A. Åkesson, C.V. Lundgaard, N. Ehrlich, T. Günther Pomorski, D. Stamou, and M. Cárdenas (2012).
Induced dye leakage by PAMAM G6 does not imply dendrimer entry into vesicle lumen.
Soft Matter 8(34): 8972–8980.
doi: 10.1039/C2SM25864A
Dendrimers are polymers with unique properties that make them promising in a variety of applications such as potential drug and gene delivery systems. Polyamidoamine (PAMAM) dendrimers, in particular, have been widely investigated since they enter rapidly into cells. The entry mechanism, however, is still not yet fully clarified as both passive and active uptake have been proposed. In this work we focus on understanding passive uptake, for which simple cell model systems are used in order to ensure that only dendrimer–lipid interactions are probed. We developed protocols for investigating independently the effect of the dendrimer on lipid bilayer integrity, in terms of permeability of small dyes and effective dendrimer translocation. This was achieved by the use of membrane labeled giant unilamellar vesicles (GUVs) either containing Alexa 488 hydrazide in the vesicle lumen or FITC-labeled PAMAM G6 dendrimers. Vesicle integrity and dendrimer–membrane binding were then assessed by fluorescence microscopy. The importance of membrane fluidity and charge was investigated using GUVs composed of various lipid compositions.

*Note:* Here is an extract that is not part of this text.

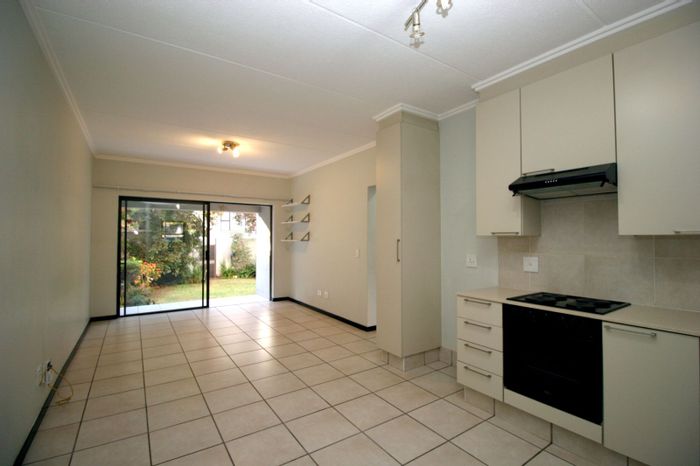 Bryanston Apartment For Sale: 2 beds, garden, clubhouse, pool, 24-hour security.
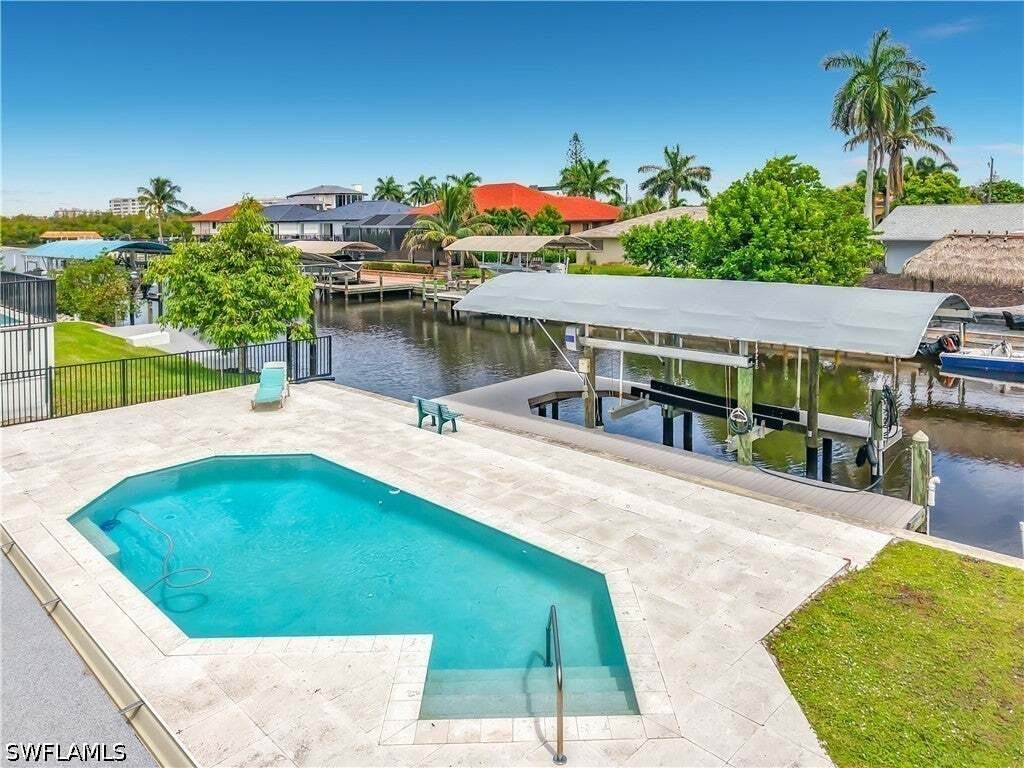Maison à Bonita Springs, Floride, États-Unis 2 - 18596357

A quartz crystal microbalance with dissipation was used to probe the effect of dendrimers on the rigidity of vesicle layers. The results indicate that PAMAM dendrimers can locally alter the membrane properties. An increased bilayer permeability towards soluble small dyes but no effective translocation, where PAMAM dendrimers could dissociate from the lipid membrane into the vesicle lumen, was observed. To our knowledge this is the first time it is shown that PAMAM G6 dendrimer does not effectively translocate the lipid bilayer although it readily interacts with the model membrane, regardless of lipid membrane properties. However, bilayer charge and fluidity modulate the dendrimer interaction in agreement with previous reports. The results clearly highlight the importance of the choice of the model system when investigating nanoparticles interaction with lipid membranes.